Algumas de suas pesquisas foram na região Noroeste do Estado de São Paulo. Devido ao alto desmatamento, a área possui cerca de 4% da vegetação nativa em pequenos fragmentos florestais degradados, como explica a egressa. “Minhas pesquisas buscam entender quais são os impactos que as alterações no ambiente terrestre, principalmente o desmatamento, podem causar nos córregos e nas comunidades de peixes que estão ali. Riachos dependem da floresta de entorno (conhecida como mata ciliar), para se manterem protegidos e heterogêneos, ou seja, com diferentes tipos de habitats e várias espécies de peixes”.
Jaquelini explica que todos os elementos presentes em um ecossistema estão interligados entre si. “Por exemplo, um galho que caiu de uma árvore pode criar um local com profundidade em um riacho, que pode acumular folhas e ser um lugar para algumas espécies de insetos aquáticos se esconderem. Logo, os peixes que comem insetos podem achar alimento nesse local. Outras espécies de peixes podem achar o tronco um bom lugar para se esconder ou comer algas. Essas oportunidades só existem porque a floresta ciliar está ao redor do córrego. Quando essas florestas são desmatadas, o galho não existe mais e as espécies que encontravam comida e abrigo nesse local, geralmente são extintas”, exemplifica.

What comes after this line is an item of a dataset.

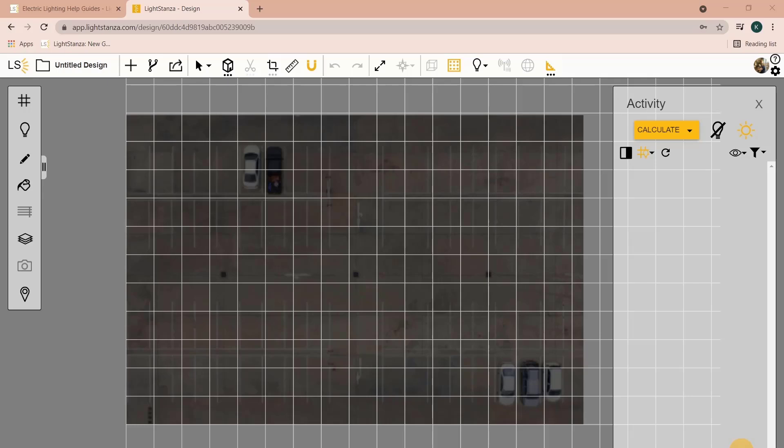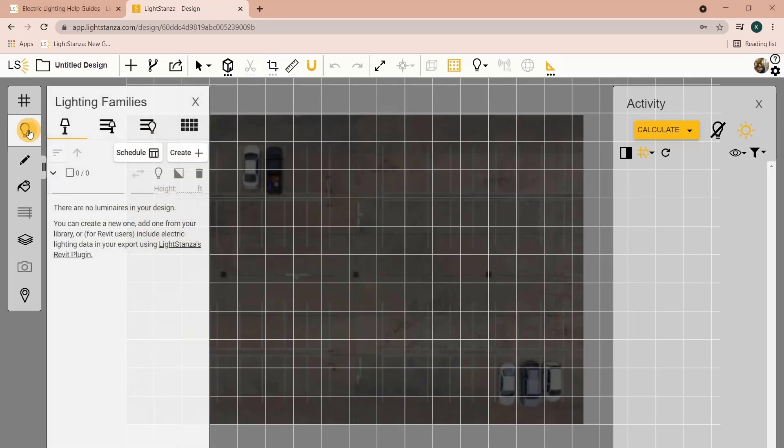In LightSanza there are a few different ways to import IES files. To start, you'll want to have your LightSanza drawing open, and from there you can go into your electric lighting panel.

A pesquisadora afirma que a destruição da vegetação também deixa os riachos sem variedade de espécies, porque muitos peixes são extintos. Seus estudos permitiram concluir que o deflorestamento passado, ao exemplo dos anos de 1980, ainda afeta a vida aquática no presente. “Os riachos em regiões de desmatamento mais antigo e mais forte são os que têm menos espécies de peixe e essas espécies são muito parecidas entre si”, destaca.
A bióloga explica que as espécies que sobrevivem são chamadas de generalistas. Essas geralmente não precisam de um habitat ou de um recurso alimentar específico. Entretanto, os mais resistentes também podem acabar morrendo caso o desmatamento na área continue.
Consequências
Em 2013, a cientista revisitou locais de pesquisa utilizados por sua orientadora havia em 2003, na região Noroeste do Estado de São Paulo. O espaçamento de uma década foi suficiente para que alguns riachos parassem de existir.
“Trata-se de uma região impactada pelo desmatamento antigo e intenso. Nesse período de 10 anos, a pastagem foi gradativamente substituída por cana-de-açúcar”. Ela também afirma que alguns dos riachos se tornaram menores e rasos, com fundo arenoso e dominado por plantas gramíneas. Além disso, as espécies de peixes mostraram uma diminuição significativa.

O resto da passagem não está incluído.